Hakikat şudur ki, Allah Teâla yüce hikmeti ve güzel yaratışı gereği, kullarını imtihana tabi tutmuş, onlardan büyük şeyler istemiş, bunların anahtarını ise küçük amellerde gizlemiştir. Bu ulaştırıcı şeyleri küçük sayıp da, gevşeklik gösteren kimseler, kendilerinden istenilen amaca ulaşmaktan geri kalırlar. Bu ise, onlar için en büyük acılardan biri olur. Fakat bu küçük vasıtalara sarılan kimseler, o büyük ve sevilen, genel amaca da ulaşırlar.  Bu ise, onlar için büyük bir saadet vesilesi olur.

Bu açık hikmetleri, biraz tefekkür edip de düşündüğümüz zaman! Hak Teâla'nın yaratıklarına nasıl da açık bir delil ikram ettiğini ve onlara sayısız nimetleri indirdiğini görürüz. Nasıl da bu küçük şeylerle onları, o yüce makamlara ulaştırmıştır! Buna rağmen; halkın kendilerini nasıl da ebedi helaka ve acı azaba attıklarına bak. Oysa, bazı küçük şeyleri yapmak onları kurtarabilirdi. Bu hikmeti, Ehl-i Beyt'ten nakledilen "Rızkın azını azımsayan, çoğundan da mahrum kalır." hadisinden anlıyoruz. Bütün belalar ve musibetlerin başlangıcı, küçüğü küçümsemek ve azı azımsamaktır. Buna karşılık hadisten de anlaşıldığı gibi, rızkın azını azımsamayan çoğundan da mahrum olmaz. Sonra, eğer bu manayı iyice düşünecek olursak, konuyu açığa kavuşturan diğer misalleri de bulabiliriz. Şüphesiz; sayısız Ehl-i Beyt hadisleri de buna şahittir. Örneğin: "Günahların küçüğünden korkunuz." Hakeza "Hiçbir itaati küçümsemeyin, belki Allah'ın rızası onda olur; ve hiçbir günahı küçümsemeyin, belki Allah'ın gazabı onda olur." Bu vb. birçok hadisler hidayet talibi olanlara, şeriat-ı Muhammedi'nin, Allah Teâla'nın izniyle en yüce ve sevilen amaçlara ulaştıran küçük ve kolay hükümler üzerine kurulmuş olduğunu açıklamakta yeterlidir sanıyoruz. Hak Teâla bir hadis-i kutside: "Bana bir karış yaklaşana, ben bir adım yaklaşırım." diye buyurması da konuyu daha bir açıklığa kavuşturmaktadır.

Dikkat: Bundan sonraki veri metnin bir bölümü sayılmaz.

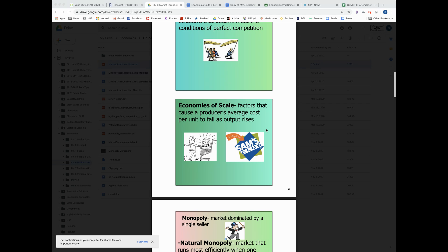So an economy of scale is a factor that causes a producer's average cost per unit to fall as the output rises.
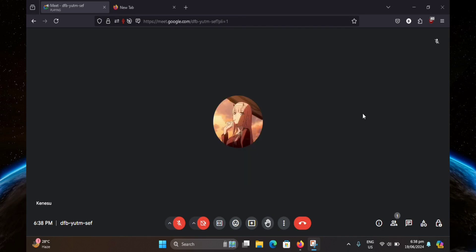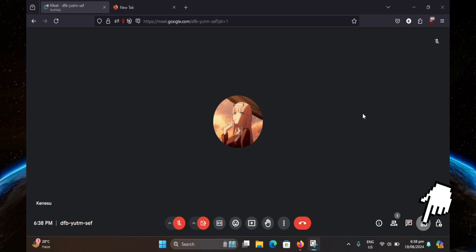So I have two options for you. As you can see, I am already in a Google Meet call. But for the first option, click on Activities in the bottom right.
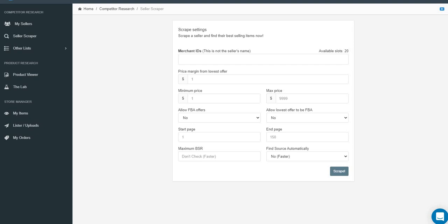Let's talk about how to use AMZ Scraper to find an unlimited number of profitable items. It's not fully automatic, but it seems pretty much automatic - it's unbelievably easy.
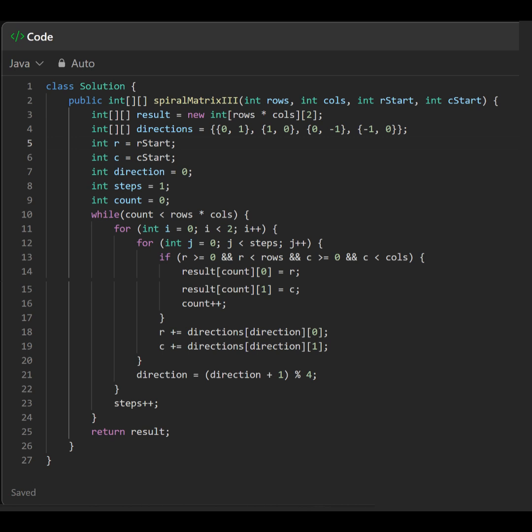R and C, starting row and column positions. Direction to track the current direction of movement. Steps to track how many steps to move in the current direction. Count to count the number of valid coordinates added to result.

Hak Teâla, kendisine yaklaşana, yaklaştığına ve sırt çevirene çağrıda bulunduğuna göre; O'na yönelip kapısını çalana nasıl davranır. Bu konuda Hz. İmam Zeynu’l-Abidin'in (a.s) Seher duasındaki:

"Sana kavuşmak için hareket eden şahsın yolu kısa mesafelidir. İnsanların dünyevi arzuları (ya da "Kötü amelleri") engel olmazsa, sen onlara gizli kalmazsın."

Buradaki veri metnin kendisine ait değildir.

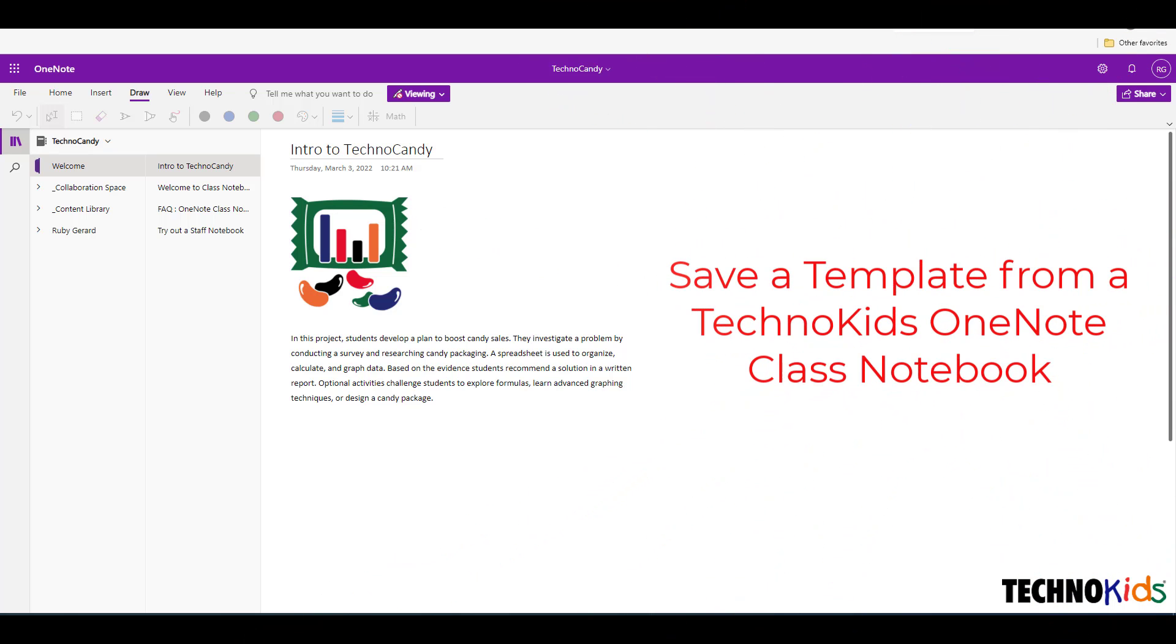In this video, I will show students how to save and use a template for a project.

Kısacası, insanlardan istenilen, yüce ilahi ahlaklarla süslenmektir. Bu ahlaklar, taşıdıkları değer sebebiyle Allah'a isnat edilerek ilahi ahlak diye anılmaktadır. Ehl-i Beyt'ten gelen hadislerde de şöyle buyrulmuştur:

"Allah'ın ahlakıyla ahlaklanın."

Bu ahlak; Hz. Muhammedin, onun pâk Ehl-i Beyt'inin (Allah'ın salat ve selamı onlara olsun) ve onlara uyanların ahlakıdır.

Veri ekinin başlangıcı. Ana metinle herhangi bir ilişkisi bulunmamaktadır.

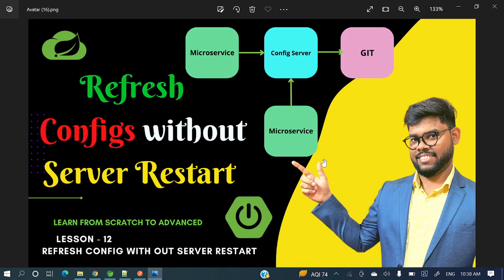Hey everyone, welcome to my channel. I am Rajnikan and today's video will show how to refresh configuration files without server restart. In the last video we saw how to read configuration files like different application.properties files from a config server instead of our local project. Now we'll see how to reload those values in our microservices without restarting them.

Ey Allah'a yönelmek isteyen ve böyle bir yüce makama ulaşmayı arzulayan kardeş, Ehl-i Beyt'ten ulaşan nurlu gerçekleri sana sunmak isteyen ve senin hayrını dileyen birisi olarak benim şu sözümü dinle:

Bu yüce ahlakı edinmenin yolu, sürekli bir istikamet göstermek, ifrat ve tefritten kaçınmaktır. O halde; elinden geldiği kadarıyla itaat etmek ve Allah'ın sevmediği kötü amellerden kaçınmakla, Allah Teâla'ya yakın olmaya çalış! Küçük veya büyük hiçbir şeyde müsamaha etmeyip, işini ciddiyet temeli üzerine kur. Her ne kadar senin nazarında küçük bile olsa, hayır bildiğin, hayır olduğu malum olan her işi yapmayı kendine amaç edin! Bunun aksine her ne kadar senin nazarında küçük bile olsa, kötü bildiğin her şeyi de terk edip, ondan kaçınmayı kendine bir vazife bil. Küçük olsun, büyük olsun, işlerinde asla gevşeklik ve müsamahaya yer verme! Aksine her zaman işini itina ve dikkat temeli üzerine kur. Asla çok amel yaparak işlerindeki ciddiyet ve sağlamlığı kenara atma! İstenildiği şekilde yapılan bir hayır amel, binlerce hayır amelin sonucunu verir; dikkatsizlikle yapılan binlerce hayır amel, gerektiği şekilde dikkatle yapılan tek bir amelin bile sonucunu veremez. Hatta; hikmet ve marifet sahiplerinin yanında bunlar, asla birbiriyle mukayese edilemez.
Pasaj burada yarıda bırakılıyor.